# silverado plow lights wire location



## badbowtie (Sep 19, 2013)

I have a 2003 silverado I am trying to get headlight wired in. I bought the trucklight. I have the marker and turn all wired in and I understand I need to locate the headlight wires before they y to each side but I also want to locate them after the relays. I am not having much luck since they look like they are down under maybe that battery and run down under inter cooler pipe. But can anybody point me to the exact location of were the low beam and high beam wires are easily located. Here is the part of the directions that says how to do it.

They are the trucklight 80888 and the full manual is here. 
http://ri.search.yahoo.com/_ylt=A0LEVkAIBVZWjjYAPQIPxQt.;_ylu=X3oDMTByOHZyb21tBGNvbG8DYmYxBHBvcwMxBHZ0aWQDBHNlYwNzcg--/RV=2/RE=1448506761/RO=10/RU=http%3a%2f%2fwww.truck-lite.com%2fwebapp%2fwcs%2fstores%2fservlet%2fGetInstructionPDFCmd%3fstoreId%3d10001%26productId%3d24141%26instructionFilename%3d%2fpdf%2f45338a0.pdf%26productName%3dEconomy%2520Snow%2520Plow%2fATL%2520Lights/RK=0/RS=vUKK7cyriyS_BaL7D6hpAIzDnPg-

4. Starting at the vehicle driver side, find where the high beam wire exits the dash board and trace it until it "Y's" over to the passenger
side. Between the "Y" and the dash board, physically cut the high beam wire in half. Starting with the high beam wire attached to
the headlamp splice the Pink wire from our harness. The high beam wire going back into the dash board, splice the Blue wire from
our harness.
Starting at the vehicle driver side again, find where the low beam wire exits the dash board and trace it until it "Y's" over to the passenger
side. Between the "Y" and the dash board, physically cut the low beam wire in half. Starting with the low beam wire attached
to the headlamp splice the Brown wire from our harness. The low beam wire going back into the dash board, splice the White wire
from our harness. You must physically cut the original power to the vehicle headlamps and splice our harness as stated above. The
toggle switch will then switch between the vehicle headlamps and the snowplow lamps...you would never want all four lamps on
together.


----------



## badbowtie (Sep 19, 2013)

But I am not sure if this will all work anyway know that I think about it do to the daytime running lights that are on normally or will that not matter. Or am I going to have to wire two different relays in some way.


----------



## badbowtie (Sep 19, 2013)

I pulled the fuse block on fender and found the 4 wires that control the low beams and high beams. Which look like come out after the 10 amp fusses. I am not sure how I can tap into them since it has 4 wires not 2 like truck light directions. So I did order 4 relays and sockets just waiting on them to show up but still trying to figure out how to wire all this in.


----------



## Philbilly2 (Aug 25, 2007)

Not 100% what you have going on here...

2003 headlights on a chevy have right/ left and hi/ low independence.
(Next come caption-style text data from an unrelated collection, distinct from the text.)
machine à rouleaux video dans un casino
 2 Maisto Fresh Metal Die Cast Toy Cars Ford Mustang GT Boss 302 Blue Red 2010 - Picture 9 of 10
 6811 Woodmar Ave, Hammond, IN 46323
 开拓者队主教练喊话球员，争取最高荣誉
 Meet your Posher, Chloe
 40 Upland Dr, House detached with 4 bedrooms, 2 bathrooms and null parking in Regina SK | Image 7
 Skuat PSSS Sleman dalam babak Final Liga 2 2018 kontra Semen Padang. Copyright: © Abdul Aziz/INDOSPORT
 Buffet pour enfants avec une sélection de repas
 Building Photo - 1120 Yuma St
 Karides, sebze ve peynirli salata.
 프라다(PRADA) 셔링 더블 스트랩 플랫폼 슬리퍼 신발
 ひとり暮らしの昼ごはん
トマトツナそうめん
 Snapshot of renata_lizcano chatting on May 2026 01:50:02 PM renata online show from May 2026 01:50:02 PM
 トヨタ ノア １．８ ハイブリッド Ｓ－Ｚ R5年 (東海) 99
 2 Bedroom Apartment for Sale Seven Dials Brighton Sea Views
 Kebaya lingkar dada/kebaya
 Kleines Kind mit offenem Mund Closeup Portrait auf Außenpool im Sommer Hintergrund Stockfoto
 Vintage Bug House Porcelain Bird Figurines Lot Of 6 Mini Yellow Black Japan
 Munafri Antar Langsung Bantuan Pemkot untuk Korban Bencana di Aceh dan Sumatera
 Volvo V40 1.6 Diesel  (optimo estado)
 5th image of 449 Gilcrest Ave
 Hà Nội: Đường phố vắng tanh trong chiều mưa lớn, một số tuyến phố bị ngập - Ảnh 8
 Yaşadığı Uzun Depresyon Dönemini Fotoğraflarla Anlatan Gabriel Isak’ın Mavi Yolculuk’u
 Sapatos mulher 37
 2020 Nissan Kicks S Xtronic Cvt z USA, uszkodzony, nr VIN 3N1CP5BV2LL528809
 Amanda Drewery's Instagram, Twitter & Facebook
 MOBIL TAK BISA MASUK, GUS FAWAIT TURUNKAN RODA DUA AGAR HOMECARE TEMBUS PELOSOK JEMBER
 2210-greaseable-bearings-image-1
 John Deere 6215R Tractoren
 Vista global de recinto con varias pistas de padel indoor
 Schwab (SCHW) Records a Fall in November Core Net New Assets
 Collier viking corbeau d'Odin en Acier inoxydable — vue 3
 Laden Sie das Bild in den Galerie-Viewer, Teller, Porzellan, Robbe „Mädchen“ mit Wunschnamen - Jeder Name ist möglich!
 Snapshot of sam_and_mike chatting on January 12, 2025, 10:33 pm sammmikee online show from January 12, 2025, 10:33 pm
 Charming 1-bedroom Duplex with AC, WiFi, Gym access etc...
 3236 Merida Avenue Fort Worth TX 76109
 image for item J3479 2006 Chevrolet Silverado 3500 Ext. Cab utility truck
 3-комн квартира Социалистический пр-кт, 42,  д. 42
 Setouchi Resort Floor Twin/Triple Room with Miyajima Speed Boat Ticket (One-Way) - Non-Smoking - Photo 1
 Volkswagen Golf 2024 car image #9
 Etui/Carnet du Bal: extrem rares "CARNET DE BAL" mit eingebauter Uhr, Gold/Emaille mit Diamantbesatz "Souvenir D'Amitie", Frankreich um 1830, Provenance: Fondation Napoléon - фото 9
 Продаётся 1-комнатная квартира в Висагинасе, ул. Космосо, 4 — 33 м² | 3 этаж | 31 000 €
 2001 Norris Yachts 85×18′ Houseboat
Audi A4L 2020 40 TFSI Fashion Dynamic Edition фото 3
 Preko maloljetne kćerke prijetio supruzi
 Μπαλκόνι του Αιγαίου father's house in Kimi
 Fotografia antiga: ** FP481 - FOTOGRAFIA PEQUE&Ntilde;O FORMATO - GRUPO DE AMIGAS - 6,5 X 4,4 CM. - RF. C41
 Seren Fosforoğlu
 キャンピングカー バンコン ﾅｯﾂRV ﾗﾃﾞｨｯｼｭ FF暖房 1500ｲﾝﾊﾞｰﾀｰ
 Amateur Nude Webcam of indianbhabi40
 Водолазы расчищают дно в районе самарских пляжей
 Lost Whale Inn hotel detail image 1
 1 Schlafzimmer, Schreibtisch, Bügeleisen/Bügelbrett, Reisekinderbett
Can't you tag behind the headlight plug?


----------



## badbowtie (Sep 19, 2013)

That is my plan I should have my 4 relays tomorrow I just have to figure out how to wire them to make all this work right.


----------



## secret_weapon (Jan 24, 2007)

I see you wanting to tie into truck headlights, but if you don't want to cut'n'splice and keep the circuits separate, you could go off of this diagram. Just a thought, but then it would probably be nice to flash the lights the way they were meant to.


----------



## badbowtie (Sep 19, 2013)

I want to soldier everything into the oem wires I am going to tie in under the fuse box under hood. I want to tie into all 4 wires so I can still use headlights like meant to just not sure how to do it yet with 4 relays.


----------



## dieselss (Jan 3, 2008)

What are you trying to do exactly?


----------



## J.onathan (Nov 15, 2015)

If you just tap in, your vehicle headlights and plow lights will be on at the same time. I dont think that is something you want. I have just purchased truck-lite plow lights for my rig as well (2006 Sierra) I will be running them off a switch independent of the factory truck headlight wiring.


----------



## Randall Ave (Oct 29, 2014)

Are you trying to wire the plow lights into the snow plow harness? Or are you trying to make your own switch over relay harness from truck to plow? What kind of plow do you have?


----------



## redneckwheelman (Dec 16, 2012)

also keep in mind that the wires from the fuse box aren't the ones from the headlight switch, the 1999+ chevys are a switched ground with a constant hot, atleast the 99 to 02's are, i, guessing they kept it that way threw 2007 atleast.


----------



## badbowtie (Sep 19, 2013)

I have a meyer plow but I am going to use 4 relays and tap into the 4 wires that come out of the underhood fuse block that go to the headlights. So when I want the plow lights I will flip a toggle switch in cab and the lights will switch to plow lights. Then I will be able to control high and low beams from the column like factory.


----------



## redneckwheelman (Dec 16, 2012)

i dont think that itll work that way, the wires from the fuse panel should be a constant hot on these trucks. you need to use the ground wires to the headlights. other wise when you flip your switch to turn the lights from the truck to the plow lights itll go to the plow lights but will be highs and lows on at the same time and no dimmer switch function. if it was a 90s body style chevy then they would be switched power at the fuse block from the dimmer switch and what you want to do would work. 
but grab a test light and check im just assuming that chevy kept them the same when they updated the front end in 03. i know the 99-02 chevy headlights are switched ground


----------



## adksnowo (Dec 14, 2005)

Maybe try Dominion light adapters:

http://www.centralparts.com/snowplow-and-salt-spreader-parts/snowplow-parts/snowplow-light-kits/aftermarket-snowplow-headlights/dominion-headlight-adapters/

No cutting the factory harness at all. As noted above the headlights on your truck are "negative to excite", the ground is switched.


----------